Workshop Descriptions

Introduction to Linux

Introduction to the Linux Command Line Interface for researchers

Introduction to Research Computing on Palmetto Cluster

This workshop introduces participants to the Palmetto Cluster--Clemson University's largest high-performance computing resource--its structure and basic usage and how to submit computational tasks to the cluster.

Introduction to Programming in Python

This Workshop will introduce Python for those that have little to no programming experience and consists of three parts:

  • Python I: Introduction to Python and core Programming Concepts (No prior programming experience required).
  • Python II: Introduction to Numpy, Matplotlib and Anaconda Environments (Prerequisite: Python I)
  • Python III: Introduction to Data Analysis using Pandas (Prerequisite: Python I Recommended: Python II)

Introduction to Hadoop on Palmetto

This workshop introduces participants to the Hadoop ecosystem deployable on Palmetto. We will cover Hadoop’s architecture, how it can be deployed on Palmetto, import and export of big-data, basic usage, and how to submit scalable data analysis jobs.

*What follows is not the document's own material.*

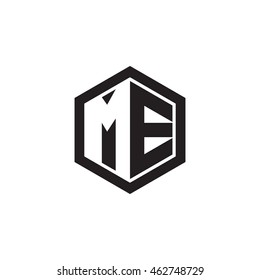 Initial letters ME negative space hexagon shape monogram logo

This workshop will incorporate the use of JupyterHub and Jupyter “Notebooks”. An understanding of the Linux command line and some Python experience is necessary.

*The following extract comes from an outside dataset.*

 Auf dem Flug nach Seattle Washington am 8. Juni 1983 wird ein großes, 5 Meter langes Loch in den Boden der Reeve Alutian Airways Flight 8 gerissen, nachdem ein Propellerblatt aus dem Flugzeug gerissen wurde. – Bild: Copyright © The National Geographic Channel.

Introduction to Big Data Analytics using Spark/Python

This workshop will teach how to how to utilize Apache Spark and Python to perform large-scale, in-memory data analytics. Learning outcomes of this workshop include understanding the overall conceptual design of Spark and demonstrate the advantages of using Spark over traditional Hadoop MapReduce. Participants will also learn to develop Spark programs using Python and to leverage Spark’s specific capabilities such as SQLContext and DataFrame to assist with data analytics.

Introduction to R Programming

Introduction to R language for data analytics using RStudio on PC and also Jupyter notebooks on Palmetto. Workshop contents include basic understand of R, installation of additional R modules, introduction to data manipulation, introduction to visualization, and several best practices for using R. No prior knowledge of R or programming in general is required.